Source code for uravu.relationship

"""
The :py:class:`~uravu.relationship.Relationship` class is a foundational component of the :py:mod:`uravu` package, and acts as the main API for use of the package.
This class enables the storage of the relationship between the model and the data.

Objects of this class offer easy methods to perform maximum likelihood evaluation, Markiv chain Monte Carlo (MCMC) for posterior probabiltiy determination and Bayesian evidence estimation by nested sampling.

See the `tutorials online`_ for more guidence of how to use this package.

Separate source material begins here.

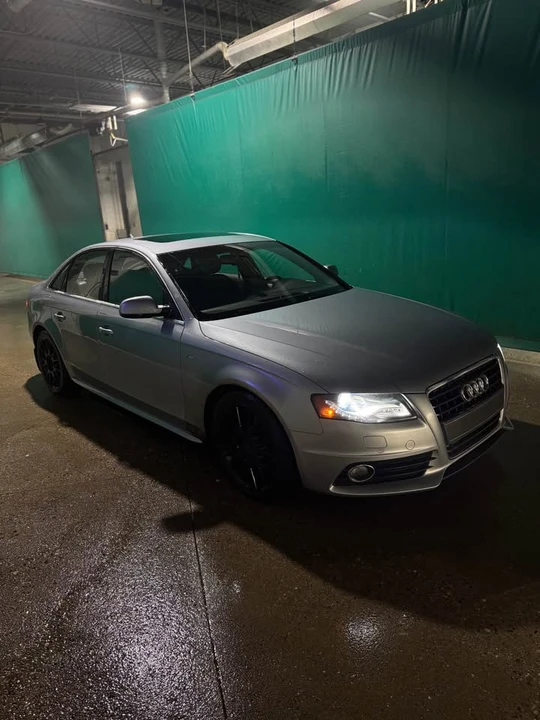 2011 Audi B8 A4 - Image 3 of 16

.. _tutorials online: https://uravu.rtfd.io
"""

# Copyright (c) Andrew R. McCluskey
# Distributed under the terms of the MIT License
# author: Andrew R. McCluskey

from typing import Callable, List, Union, Tuple
from inspect import getfullargspec
import numpy as np
from scipy import stats
from uncertainties import ufloat
from uravu import optimize, sampling
from uravu.distribution import Distribution
from uravu.axis import Axis


[docs]class Relationship:
    """
    The :py:class:`~uravu.relationship.Relationship` class is the base of the :py:mod:`uravu` package, enabling the use of Bayesian inference for the assessment of a model's ability to describe some data.

    Attributes:
    :param function (:py:attr:`callable`): The function that is modelled.
    :param abscissa (:py:attr:`array_like`): The abscissa data that the modelling should be performed on.
    :param ordinate (:py:attr:`list` or :py:class:`uravu.distribution.Distribution` or :py:attr:`array_like`): The ordinate data against with the model should be compared. This should be an :py:attr:`list` or :py:class:`uravu.distribution.Distribution` unless a :py:attr:`ordinate_error` is given.
    :param variables (:py:attr:`list` of :py:class:`uravu.distribution.Distribution`): Variables in the :py:attr:`~uravu.relationship.Relationship.function`.
        bounds (:py:attr:`tuple`): The minimum and maximum values for each parameters.
        ln_evidence (:py:class:`uncertainties.core.Variable`): The natural-log of the Bayesian evidence for the model to the given data.
        mcmc_results (:py:attr:`dict`): The results from :func:`emcee.EnsembleSampler.run_mcmc()` sampling.
        nested_sampling_results (:py:attr:`dict`): The results from :func:`dynesty.NestedSampler.run_nested()` nested sampling.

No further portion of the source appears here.